PROMPT: Here the job is to repeat the listing exactly, but not the pictures in it.

DATA BELOW:
----

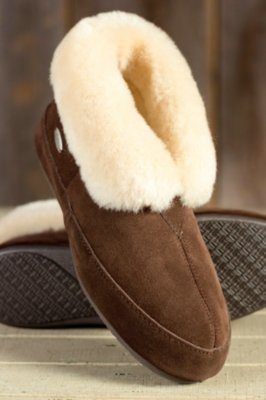 Sheepskin Wide Opening Cabin Slippers with Velcro Closure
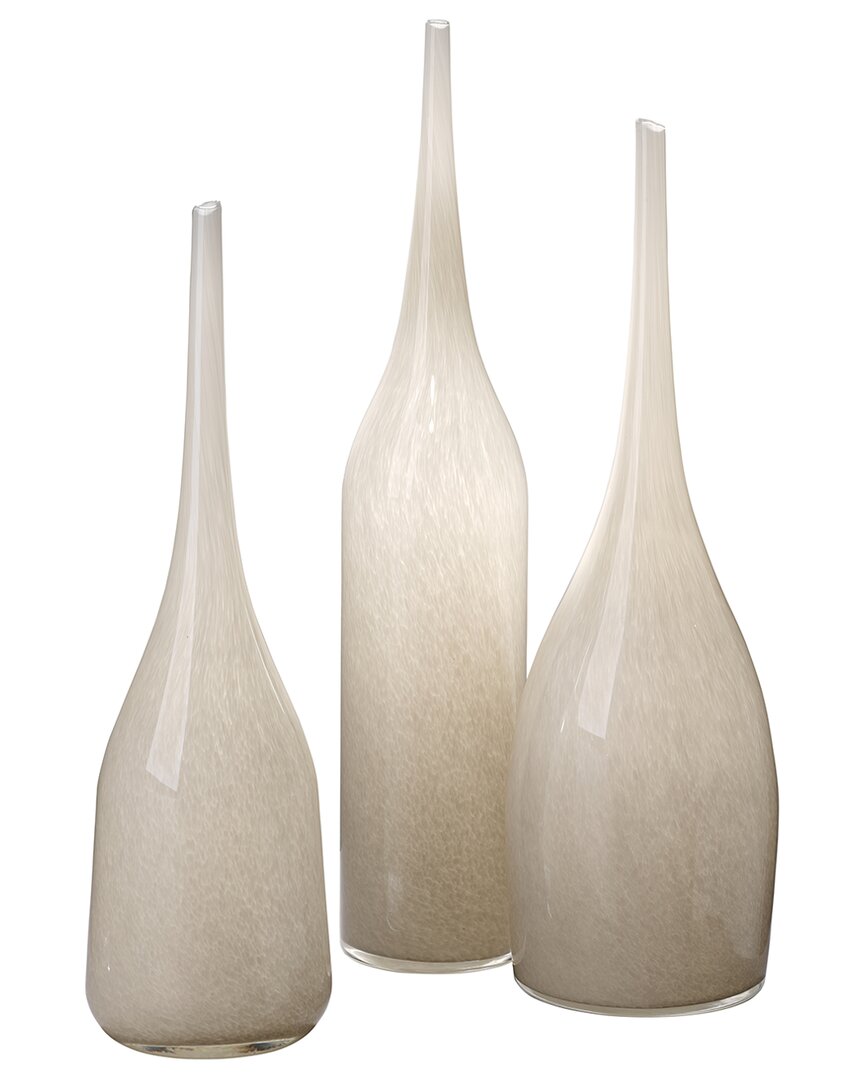 Jamie Young Set Of 3 Pixie Vases In Grey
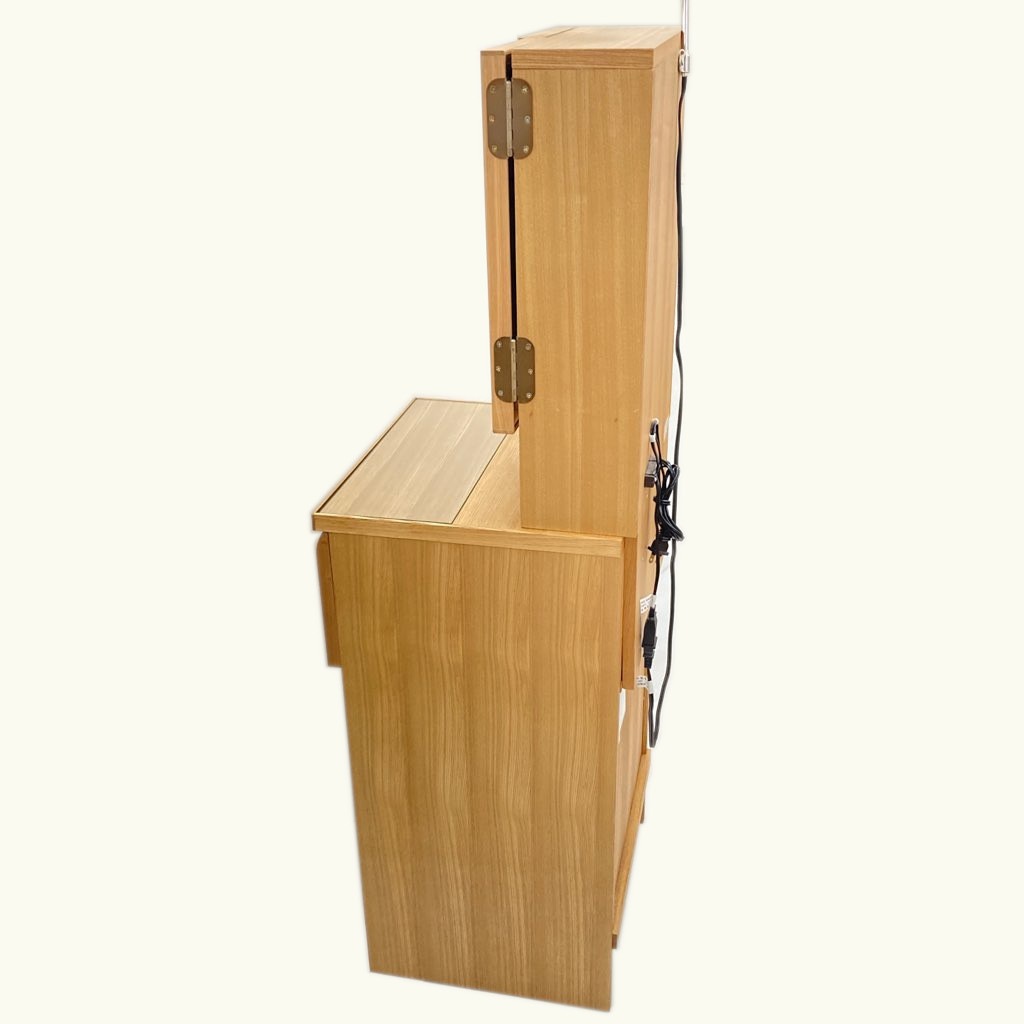 中古美品 ニトリ 三面鏡ドレッサー NノワルLBR ライトブラウン 椅子付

----

SOLUTION TO THE PROBLEM:
 Sheepskin Wide Opening Cabin Slippers with Velcro Closure
 Jamie Young Set Of 3 Pixie Vases In Grey
 中古美品 ニトリ 三面鏡ドレッサー NノワルLBR ライトブラウン 椅子付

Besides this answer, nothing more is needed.